Montague Co. Jail Inmates Help Feed Residents in Need

- Jail trustees are inmates who have proven they are trustworthy to work in the community mowing, picking up litter and performing other jobs.

However in Montague County, trustees have a new duty that's helping put food on the dinner tables of hungry residents.

Montague County Sheriff Paul Cunningham turned a plot of county owned land into a garden, which is now providing fresh, free produce for residents in need.

"It's better than being in the ac locked up.  This is our chance to get out here and do something good," says Tyson Vann, a Montague County jail trustee.

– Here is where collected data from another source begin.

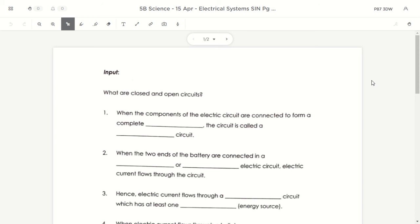Good morning 5P, this is Mr. Wong. Today is the 16th of April, Thursday. I'll be doing two things today: number one, we will be going through page 8 of the SIN from yesterday, and then we'll start on Activity 5.2 in your activity book. I will also show you how to get started using the online circuit construction software.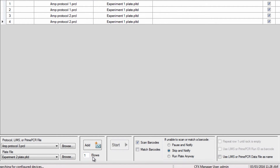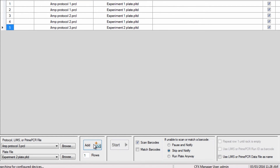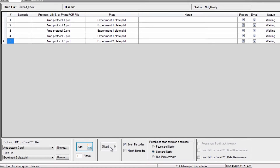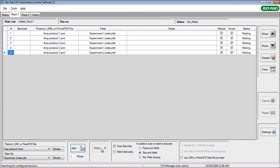Choose to add one or more rows to the plate queue and click Add. Load your plates and press the Start button, which will be active when you are connected to a CFX instrument.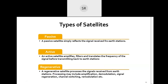There are various types of satellites. Generally we say passive satellite, active satellite, and regenerative satellite. A passive satellite simply reflects the signal received from the earth station — it does not change anything. It is just like a mirror: if you focus light on a mirror, it reflects to another place. That is the passive satellite.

"The best part is being outside and not being locked down all the time.  There really ain't no worst part of being out here.  I enjoy it all," adds Jeff Young, who is also a jail trustee.

From caterpillars to grasshoppers-- but trustees say they've encountered more frightening things in this garden.

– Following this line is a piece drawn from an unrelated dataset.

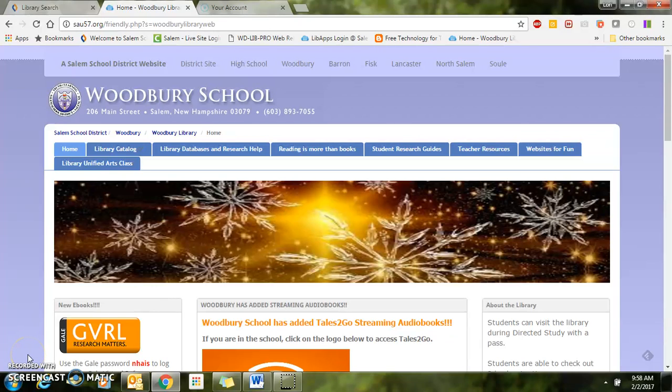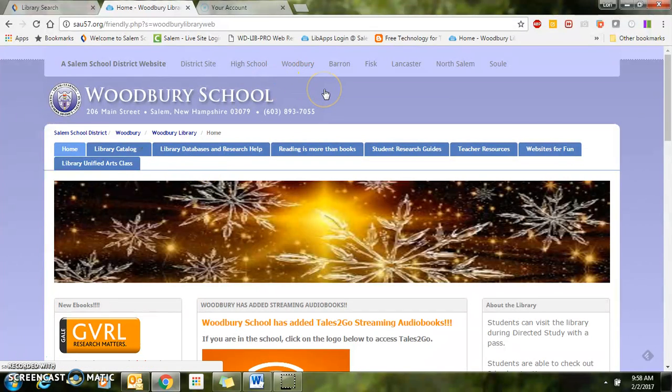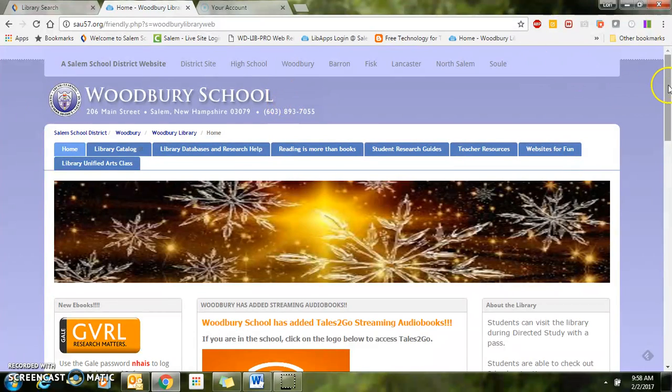Today I would like to show you how to log on to TumbleBooks so that you may be able to save your bookmarks and get your favorite books. First, you want to go to the Woodbury Library webpage.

"We've killed a few copperheads out here.  Three I think," says John Scrogum, a jail trustee.

Sheriff Paul Cunningham says trustees do get perks for their hard work.

"They get a little bit of extra meals. They do get two for one days on their sentence," Sheriff Cunningham says.

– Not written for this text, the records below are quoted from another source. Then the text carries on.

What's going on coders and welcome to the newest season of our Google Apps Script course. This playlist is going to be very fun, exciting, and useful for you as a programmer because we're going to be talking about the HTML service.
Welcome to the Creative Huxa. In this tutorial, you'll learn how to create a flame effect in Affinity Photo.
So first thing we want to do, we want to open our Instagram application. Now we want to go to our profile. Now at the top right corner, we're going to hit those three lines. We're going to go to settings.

But the sheriff says the biggest benefit is to clients of Christ Can Food Bank in downtown Montague.

"When I tell them there's vegetables on the porch. They get them some on the way out.  They're glad to get them.  They really are," says Larry Carter of Christ Can Food Bank.

And recipients, like Peggy Sue Cramer, are glad for the trustees.

"Gives them something to do that's productive and they're helping people out," Cramer says.

Help that began several months ago.

The inmate garden program started in the spring and it's been so successful there are plans to expand it.

Sheriff Cunningham is working on expanding this quarter acre garden to cover and entire acre, which would provide even more fresh food for Montague residents.

So far, trustees have planted and picked corn, squash, zucchini, okra a tomatoes but they're like other Texoma farmers-- struggling to protect their produce from hungry grasshoppers.